Durante anos me dediquei a um determinado trabalho. Quantos? Não sei, acho que uns dez, talvez doze ou quinze, talvez a vida inteira.

Claro que não cuidava dele todo dia. Ia e voltava, esquecia por meses, por um ano e pouco. Depois retornava, mais amadurecido (ah, ilusão…).

Acabei esse trabalho por volta de maio deste ano. Mas não bastava acabá-lo; ele precisaria ainda ser colocado à prova, e esta só ocorreria na metade de dezembro.

Meses de alguma expectativa e de pelo menos uma dúvida séria: faria uma festa para comemorar o sucesso que, pretensioso, esperava que ele tivesse?

Bicho parcialmente do mato, sou avesso a festas. Prefiro as comemorações miúdas, com pouca gente e olho no olho.

Planejei, então, e sempre com a arrogância de quem supõe que tudo vá dar certo, uma celebração íntima. Comprei meu vinho favorito de todos os tempos, guardei cuidadosamente a garrafa e fiquei a matutar onde jantaria, com mulher e filha, na noite de 15 de dezembro, dia em que tudo se resolveria.

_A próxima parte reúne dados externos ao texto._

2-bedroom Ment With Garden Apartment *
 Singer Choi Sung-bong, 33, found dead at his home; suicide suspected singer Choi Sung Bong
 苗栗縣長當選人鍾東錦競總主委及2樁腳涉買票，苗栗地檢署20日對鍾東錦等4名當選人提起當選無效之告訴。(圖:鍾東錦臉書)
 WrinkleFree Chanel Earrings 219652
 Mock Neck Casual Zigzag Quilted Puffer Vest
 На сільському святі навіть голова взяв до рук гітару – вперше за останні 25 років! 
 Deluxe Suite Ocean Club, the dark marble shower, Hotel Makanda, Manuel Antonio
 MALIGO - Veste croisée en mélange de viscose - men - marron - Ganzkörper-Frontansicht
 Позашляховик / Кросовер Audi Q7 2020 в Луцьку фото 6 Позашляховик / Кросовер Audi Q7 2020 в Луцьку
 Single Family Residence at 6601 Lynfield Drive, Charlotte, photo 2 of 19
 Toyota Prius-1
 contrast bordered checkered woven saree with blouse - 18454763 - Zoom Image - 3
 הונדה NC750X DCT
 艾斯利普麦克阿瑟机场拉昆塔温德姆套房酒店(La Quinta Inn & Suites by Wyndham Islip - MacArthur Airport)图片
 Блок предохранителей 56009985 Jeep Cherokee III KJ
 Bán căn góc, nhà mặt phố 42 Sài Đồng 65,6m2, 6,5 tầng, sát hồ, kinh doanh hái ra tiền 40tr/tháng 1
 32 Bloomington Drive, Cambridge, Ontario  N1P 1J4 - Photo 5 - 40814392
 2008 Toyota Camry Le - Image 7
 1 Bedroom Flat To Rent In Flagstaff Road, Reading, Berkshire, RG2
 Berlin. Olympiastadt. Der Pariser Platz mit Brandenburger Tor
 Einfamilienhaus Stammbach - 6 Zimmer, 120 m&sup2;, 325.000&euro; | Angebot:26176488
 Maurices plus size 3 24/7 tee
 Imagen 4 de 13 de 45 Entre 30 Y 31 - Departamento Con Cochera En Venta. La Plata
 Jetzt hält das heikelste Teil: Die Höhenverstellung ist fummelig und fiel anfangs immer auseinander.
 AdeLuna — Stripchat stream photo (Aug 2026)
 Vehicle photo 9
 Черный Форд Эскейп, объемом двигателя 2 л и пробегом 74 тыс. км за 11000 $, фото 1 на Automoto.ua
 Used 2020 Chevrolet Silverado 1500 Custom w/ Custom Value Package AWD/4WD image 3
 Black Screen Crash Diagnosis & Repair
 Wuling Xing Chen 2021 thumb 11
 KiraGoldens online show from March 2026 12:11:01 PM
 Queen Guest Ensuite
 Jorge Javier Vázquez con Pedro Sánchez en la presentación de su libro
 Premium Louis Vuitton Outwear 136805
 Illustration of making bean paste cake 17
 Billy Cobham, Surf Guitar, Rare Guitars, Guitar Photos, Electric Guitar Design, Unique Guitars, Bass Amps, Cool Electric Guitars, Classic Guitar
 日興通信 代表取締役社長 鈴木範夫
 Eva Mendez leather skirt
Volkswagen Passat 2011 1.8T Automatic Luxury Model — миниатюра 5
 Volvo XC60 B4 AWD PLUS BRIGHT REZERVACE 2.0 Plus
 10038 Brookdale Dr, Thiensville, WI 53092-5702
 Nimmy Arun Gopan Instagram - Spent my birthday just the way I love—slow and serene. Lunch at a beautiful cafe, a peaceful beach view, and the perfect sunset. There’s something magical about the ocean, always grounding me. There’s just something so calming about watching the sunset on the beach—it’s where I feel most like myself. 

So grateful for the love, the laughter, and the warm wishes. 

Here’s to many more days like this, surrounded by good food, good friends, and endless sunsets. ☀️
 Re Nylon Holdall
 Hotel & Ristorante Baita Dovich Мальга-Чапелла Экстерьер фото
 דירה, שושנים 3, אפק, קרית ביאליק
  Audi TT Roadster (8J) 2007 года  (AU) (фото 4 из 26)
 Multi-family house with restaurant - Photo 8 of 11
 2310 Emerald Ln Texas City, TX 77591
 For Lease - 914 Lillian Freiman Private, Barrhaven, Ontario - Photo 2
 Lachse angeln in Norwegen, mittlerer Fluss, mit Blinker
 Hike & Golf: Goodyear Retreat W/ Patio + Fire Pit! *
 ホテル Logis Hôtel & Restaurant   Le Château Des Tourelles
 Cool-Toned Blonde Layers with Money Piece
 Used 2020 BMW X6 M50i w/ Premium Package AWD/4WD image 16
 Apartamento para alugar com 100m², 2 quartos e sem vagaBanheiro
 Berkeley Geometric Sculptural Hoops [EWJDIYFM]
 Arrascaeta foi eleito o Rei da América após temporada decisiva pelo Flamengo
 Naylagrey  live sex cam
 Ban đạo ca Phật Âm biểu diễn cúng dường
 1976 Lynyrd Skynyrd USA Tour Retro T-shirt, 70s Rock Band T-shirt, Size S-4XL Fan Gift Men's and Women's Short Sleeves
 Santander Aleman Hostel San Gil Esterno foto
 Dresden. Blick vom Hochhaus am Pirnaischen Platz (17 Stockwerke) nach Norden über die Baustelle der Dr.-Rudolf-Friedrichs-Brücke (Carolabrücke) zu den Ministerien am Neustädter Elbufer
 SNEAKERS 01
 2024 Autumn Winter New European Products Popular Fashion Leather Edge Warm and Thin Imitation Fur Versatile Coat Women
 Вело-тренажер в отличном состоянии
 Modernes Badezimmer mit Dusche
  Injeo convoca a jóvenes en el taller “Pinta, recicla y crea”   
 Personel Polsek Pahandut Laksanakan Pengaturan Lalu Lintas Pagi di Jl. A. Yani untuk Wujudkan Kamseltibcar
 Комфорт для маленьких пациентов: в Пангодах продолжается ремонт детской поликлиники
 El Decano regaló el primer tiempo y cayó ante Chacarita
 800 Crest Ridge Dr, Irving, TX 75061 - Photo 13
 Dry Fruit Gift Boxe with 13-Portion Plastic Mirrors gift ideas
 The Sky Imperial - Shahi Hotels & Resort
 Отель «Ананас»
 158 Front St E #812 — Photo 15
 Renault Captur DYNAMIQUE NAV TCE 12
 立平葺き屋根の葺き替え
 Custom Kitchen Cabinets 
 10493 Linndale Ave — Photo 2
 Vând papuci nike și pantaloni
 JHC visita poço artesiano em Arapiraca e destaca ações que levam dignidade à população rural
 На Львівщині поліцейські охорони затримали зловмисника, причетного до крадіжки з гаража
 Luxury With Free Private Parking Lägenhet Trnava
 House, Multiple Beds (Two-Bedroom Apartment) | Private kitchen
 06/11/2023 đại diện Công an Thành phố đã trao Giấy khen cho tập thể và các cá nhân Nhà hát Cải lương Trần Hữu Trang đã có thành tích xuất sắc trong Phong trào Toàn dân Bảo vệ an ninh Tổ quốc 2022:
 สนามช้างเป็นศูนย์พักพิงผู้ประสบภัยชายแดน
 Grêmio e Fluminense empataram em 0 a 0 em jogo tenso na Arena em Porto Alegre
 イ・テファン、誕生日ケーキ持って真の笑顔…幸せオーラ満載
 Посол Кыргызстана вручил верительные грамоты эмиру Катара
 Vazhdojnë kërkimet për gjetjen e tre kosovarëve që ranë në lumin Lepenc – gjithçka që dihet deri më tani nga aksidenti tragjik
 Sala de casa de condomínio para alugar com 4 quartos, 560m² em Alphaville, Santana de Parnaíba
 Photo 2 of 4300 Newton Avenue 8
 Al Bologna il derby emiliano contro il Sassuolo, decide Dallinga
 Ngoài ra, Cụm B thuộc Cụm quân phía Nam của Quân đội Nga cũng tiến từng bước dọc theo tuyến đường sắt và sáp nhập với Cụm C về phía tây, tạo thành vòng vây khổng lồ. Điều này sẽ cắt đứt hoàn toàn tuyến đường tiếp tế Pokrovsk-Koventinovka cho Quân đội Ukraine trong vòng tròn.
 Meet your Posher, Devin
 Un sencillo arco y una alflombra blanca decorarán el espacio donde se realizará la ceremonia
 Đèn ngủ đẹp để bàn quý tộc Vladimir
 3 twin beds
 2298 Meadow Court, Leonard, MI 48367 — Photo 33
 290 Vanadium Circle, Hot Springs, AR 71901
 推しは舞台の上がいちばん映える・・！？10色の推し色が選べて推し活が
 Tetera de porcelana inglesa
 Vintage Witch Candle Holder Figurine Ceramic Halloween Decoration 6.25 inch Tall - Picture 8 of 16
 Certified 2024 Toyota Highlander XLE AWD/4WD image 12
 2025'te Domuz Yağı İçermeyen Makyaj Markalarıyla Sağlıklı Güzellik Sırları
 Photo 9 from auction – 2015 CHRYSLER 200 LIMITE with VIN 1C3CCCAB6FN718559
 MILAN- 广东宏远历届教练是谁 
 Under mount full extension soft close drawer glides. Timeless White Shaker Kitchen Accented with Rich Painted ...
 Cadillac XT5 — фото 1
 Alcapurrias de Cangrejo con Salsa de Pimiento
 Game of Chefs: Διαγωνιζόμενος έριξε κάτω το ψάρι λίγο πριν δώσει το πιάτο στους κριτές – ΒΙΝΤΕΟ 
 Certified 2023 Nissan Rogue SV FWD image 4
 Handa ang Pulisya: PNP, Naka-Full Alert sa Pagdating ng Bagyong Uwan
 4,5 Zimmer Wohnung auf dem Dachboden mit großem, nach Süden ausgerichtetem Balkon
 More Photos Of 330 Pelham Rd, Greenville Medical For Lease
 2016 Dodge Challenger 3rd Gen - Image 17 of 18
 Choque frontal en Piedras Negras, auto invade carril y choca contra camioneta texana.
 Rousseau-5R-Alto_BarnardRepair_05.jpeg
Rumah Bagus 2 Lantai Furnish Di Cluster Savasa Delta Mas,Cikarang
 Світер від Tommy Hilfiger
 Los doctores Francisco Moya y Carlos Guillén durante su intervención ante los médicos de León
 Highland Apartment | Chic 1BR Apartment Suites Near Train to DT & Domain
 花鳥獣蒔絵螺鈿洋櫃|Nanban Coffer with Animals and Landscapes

Ao saber de meus planos, minha mulher perdeu a paciência. Lembrou que, em quatorze anos de convivência, só fiz uma festa, que foi de aniversário e há mais de doze anos. Que não fazia qualquer sentido, era até injusto, que tanta gente importante para que meu trabalho desse certo fosse excluída da comemoração.

Capitulei. Mas impus condições: não queria me preocupar com nada, sobretudo não queria cuidar da arrumação de nosso apartamento no dia seguinte. Queria que a festa fosse fora de casa, que pudéssemos chegar, comer e beber bem, conversar com a família e os amigos, ir embora, dormir e acordar sem afazeres.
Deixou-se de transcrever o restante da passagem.